China has decided to draw 300 million yuan ($40 million) of lottery funds to support 300,000 poor senior high school students in 22 western and central provinces and regions, sources with the Ministry of Education said here Friday.

"It is the first program in which the Chinese government gives financial support to senior high school students," said Zhang Baoqing, former vice minister of Education and executive director of the China Education Development Foundation.

The foundation, a non-profitable organization, was entrusted to implement the program.

Each student to receive subsidy will undergo a strict approval procedure to ensure they are qualified and the final name list will be made public to ensure the transparency of the program, Zhang said.

The fund will go directly to the schools and be handed over to each student.

The Ministry of Education will strive to enable each eligible student to get their money at the Spring Festival, a traditional Chinese festival which falls on February 7 next year.

China has made unprecedented efforts to boost education at all levels in the past year, as the central government put in more than 30 billion yuan to financially support four million college students and 16 million occupational school students.

China exempted rural students in western regions from compulsory education fees in 2006 and the exemption policy was expanded to the central and eastern regions in 2007. A total of 150 million rural Chinese students in primary and junior high schools nationwide have benefited from this policy.

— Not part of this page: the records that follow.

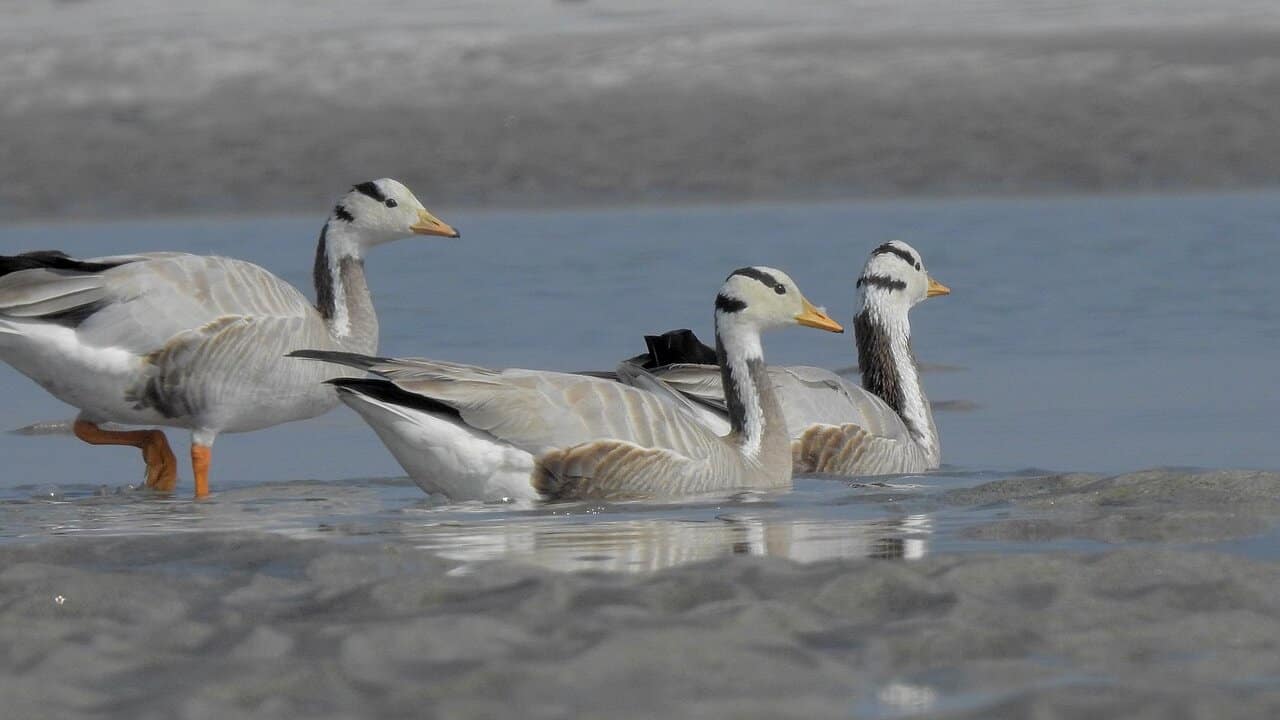 Bar-headed geese can achieve speeds in excess of 150 km per hour, and travel 700–1000 km a day. They are among the handful of birds that fly over Mount Everest. (Photo by Trisha Mukherjee via Wikimedia Commons 4.0)
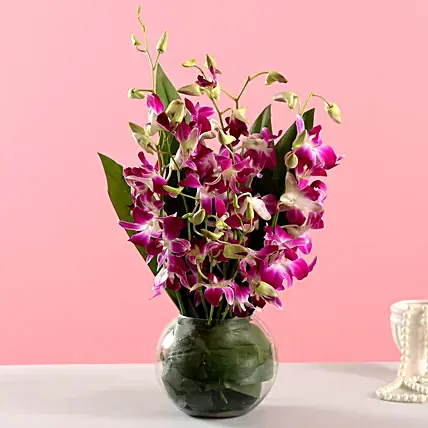 Gorgeous Purple Orchid Bunch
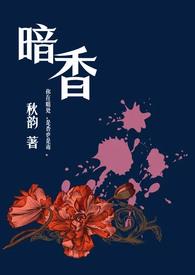 暗香(舅甥)秋韵全文阅读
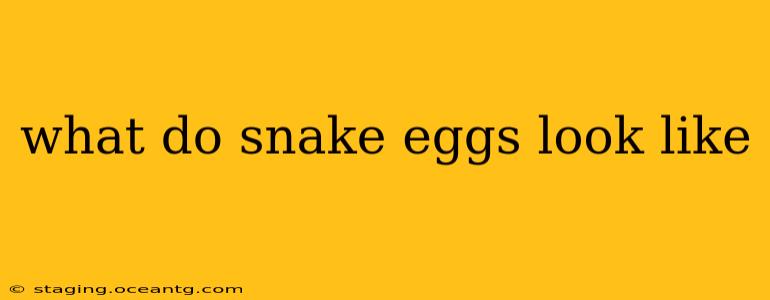 what do snake eggs look like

The government will exempt all students in urban areas from tuition fees for their nine years of compulsory education from next year

Sun Guangqi, a senior official with the Ministry of Finance, said the program will open up new channels to allocate money to support poor students.

Statistics showed that China has 25 million high school students, among whom 16.86 million live in western and central China.

Chen also said the central government will increase educational input to increase accommodation subsidies for needy students and to repair  ramshackle classrooms in central and western areas.

Earlier this year, China's Ministry of Finance said it would allocate a further 47 billion yuan ($6.27 billion) to support rural education in the next three years until 2009.